You've just reinvented the "linearized radiation conductance" :-)
G = 4x0.1714x10^-8Tm^3 Btu/h-F-ft^2, where Tm is the mean Rankine temp.
But air spaces also transfer heat by convection and conduction...
That also depends on convection and conduction, which depend on the temp diff
and the direction of heatflow.
Our local college keeps liquid helium for their electron microscope's
superconducting magnet in a Dewar vacuum flask surrounded by liquid
nitrogen, with insulation around that.
H2 boils at 4.2 K. N2 boils at 77.3 K. So 2 mirrors with e = 0.03 would lose
5.67x10^-8x0.03x40.75^3 = 0.000115 W/m^2C by radiation, ie 0.00002027
Btu/h-F-ft^2, ie US R49335, vs an R20 house wall.
Posted by daestrom on November 19, 2005, 6:15 pm
1/2" is just typical spacing between glazing on double-paned windows. It
doesn't factor into radiant transfer if the two surfaces are flat planes
whose area is >> spacing between them. Yes, the emissivity of many
materials are higher than 0.5. But the example (half of which has been
snipped here) compared the radiant heat loss with/without a low-e coating,
versus the conduction of having two films in direct contact. (remember Duane
had questioned why I said that emissivity is 'pretty much irrelavent' if
there is no air-gap).
The absolute temperature of most building materials is >> the delta
temperature between said materials.
The affects of convection and conduction were already discussed. Those
affects far outweigh the effects of radiant heat transfer in most building
applications. Only after reducing conduction with conventional insulation,
and controlling convection by properly designed air-gaps, does the use of
low-e coatings become a significant factor.
Interestingly, the spacing of glazing in double-paned windows is chosen to
minimize both convection currents and conduction. From a conduction
standpoint, a wider gap is better, but a wider gap allows stable currents to
set themselves up between the panes, bad from a convection standpoint.
Knowing the properties and pressure of the fill gas, one can choose a gap
that has the falling gas film on the cold pane interfere with the rising gas
film on the warm pane, and inhibit long-path (full height of pane)
I'm sure you mean the 'He' boils at 4.2K ;-)

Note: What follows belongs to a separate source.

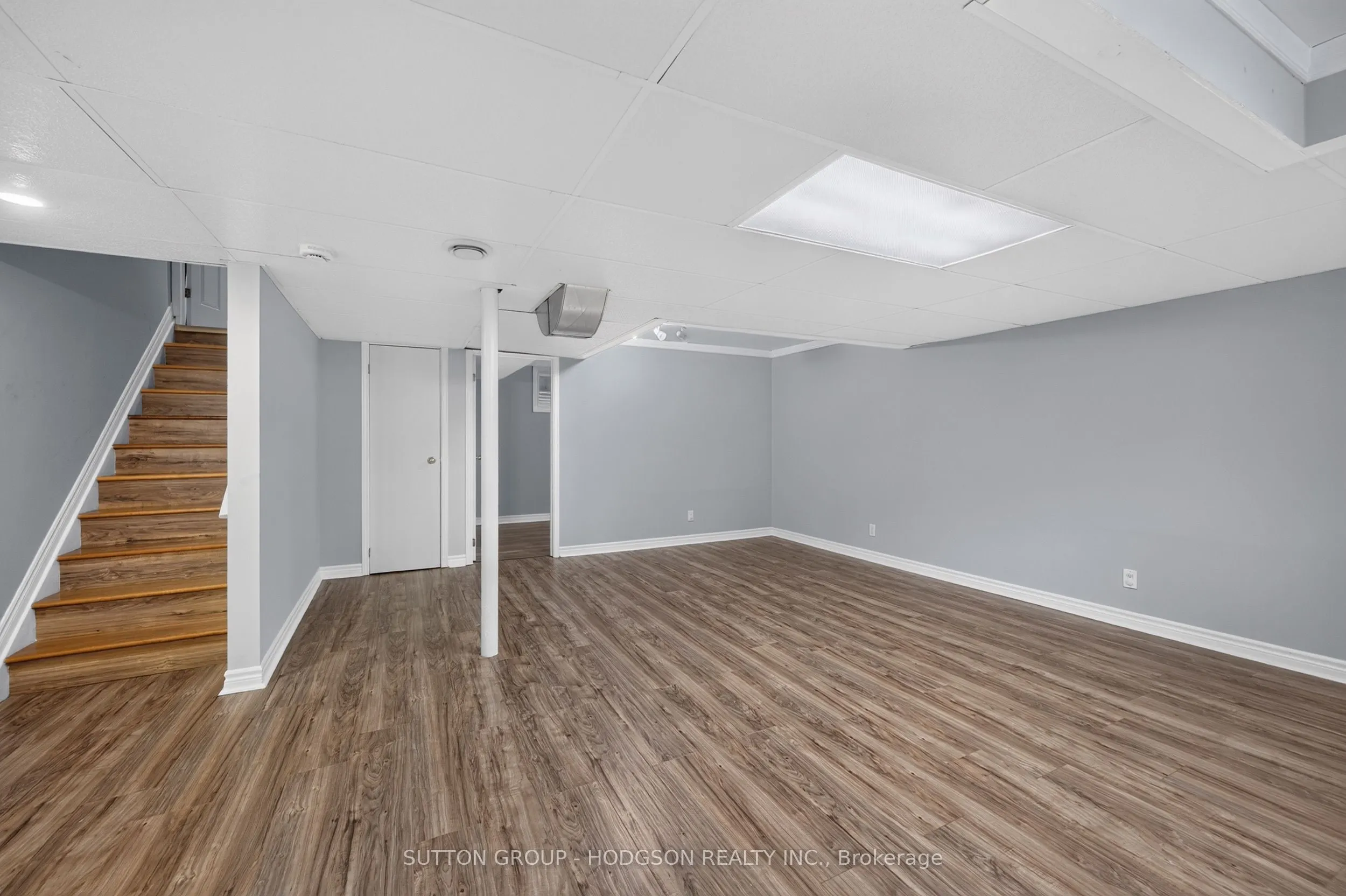 737 North Leaksdale Circle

Posted by daestrom on November 19, 2005, 3:39 pm
Yes, you have an interesting point. The absolute temperature involved does
make a difference. But contriving a system where you can get the foil to be
coldest isn't easy. You can't just put it on the outside surface,
convection losses would over-shadow any radiant issues. If the air gap is
embedded in the wall, then it will be at some temperature between inside and
outside, depending on exactly where the air gap is in relation to other
materials. I suppose ideally we would put the air gap as close to the
lower temperature side of the construction as possible. That sounds like an
outer surface with a low emissivity foil, then protected from excessive
convection losses by some thin film to form the air gap. Not sure how
practical such a construction would be in a high wind situation though.

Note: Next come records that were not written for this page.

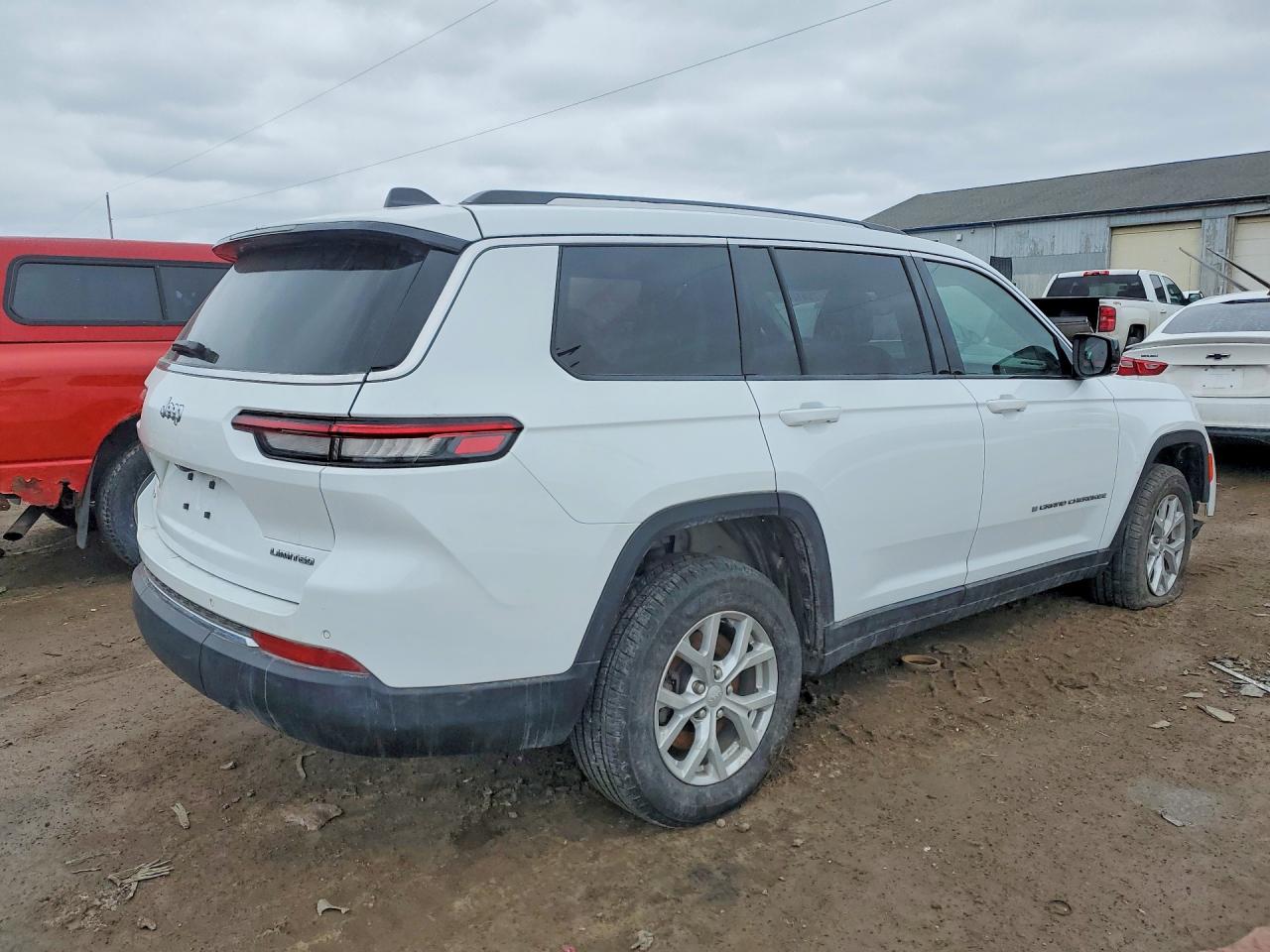2024 Jeep Grand cher VIN 1C4RJKBG2R8917093 photo 3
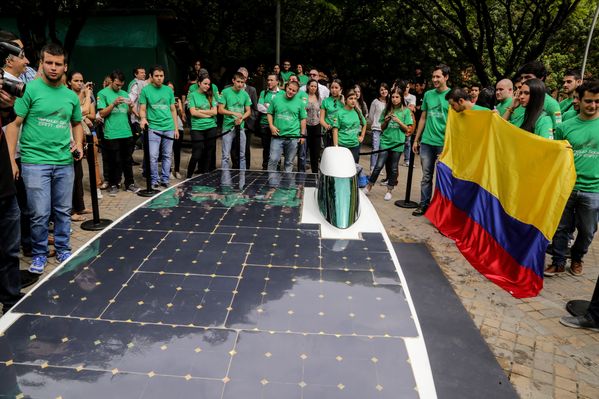 Presentación vehículo solar Primavera  
Presentación vehículo solar Primavera  
Fecha: Junio 3 de 2015. Lugar: Plazoleta del Estudiante de EAFIT
Para descargar esta fotografía en alta resolución, haga clic sobre la imagen hasta que la misma se despliegue en la pantalla completa; luego dé clic derecho y elija la opción "guardar imagen como". 
En caso de publicación por cualquier medio, solicitamos acompañarla del crédito: "Foto EPM"
Palabras clave: Presentación vehículo solar Primavera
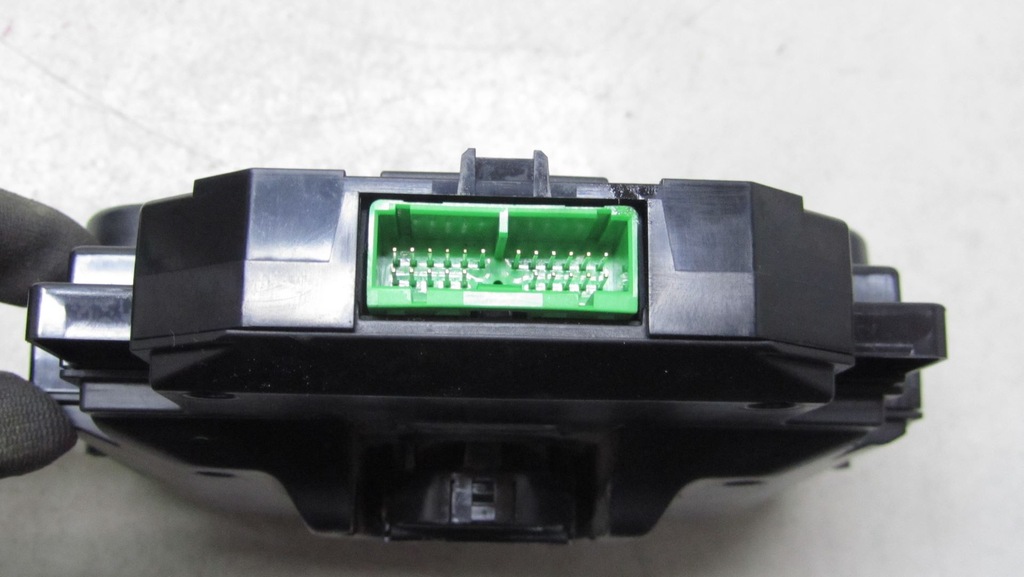 фото №5, Volvo v40 ii панель радіо кондиціонера 31288103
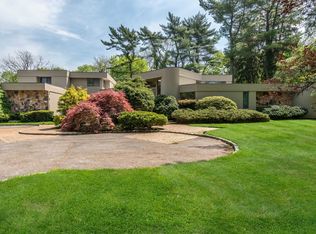 18 Sandpiper Ct, Old Westbury, NY 11568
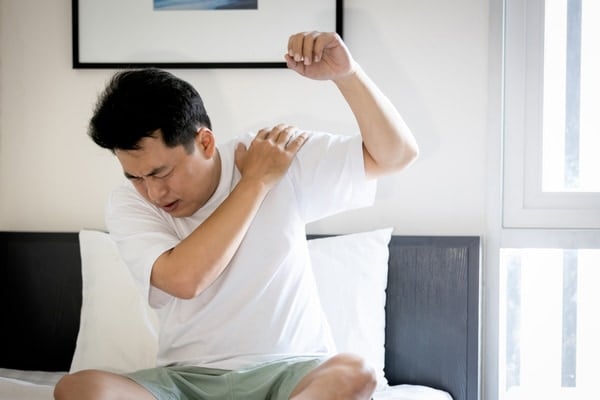 人間の老化は50歳前後から急激に加速する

Posted by Iain McClatchie on November 19, 2005, 10:33 pm
Daestrom> I suppose ideally we would put the air gap as close to the
Daestrom> lower temperature side of the construction as possible. That
Daestrom> sounds like an outer surface with a low emissivity foil, then
Daestrom> protected from excessive convection losses by some thin
Daestrom> film to form the air gap. Not sure how practical such a
Daestrom> construction would be in a high wind situation though.

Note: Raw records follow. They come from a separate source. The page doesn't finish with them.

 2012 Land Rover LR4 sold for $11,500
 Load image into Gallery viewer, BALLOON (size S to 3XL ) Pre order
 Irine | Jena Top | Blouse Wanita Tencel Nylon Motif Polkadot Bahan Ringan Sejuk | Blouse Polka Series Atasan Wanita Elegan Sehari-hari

I was thinking of foil-faced fiberglass in the wall, with the foil
plywood exterior sheath. Controlling the size of the air gap might be
tough, unless there was some sort of springy plastic spacer in there.
I suppose we could go all the way and use MLI like NASA does (many
many thin aluminized mylar sheets with vacuum gaps between, for
folks who haven't seen that TLA before). Seems MLI would work in
air reasonably well. I assume fiberglass is cheaper per R than MLI.
...but I wonder. To make code's R-19, we're going to have to use 6"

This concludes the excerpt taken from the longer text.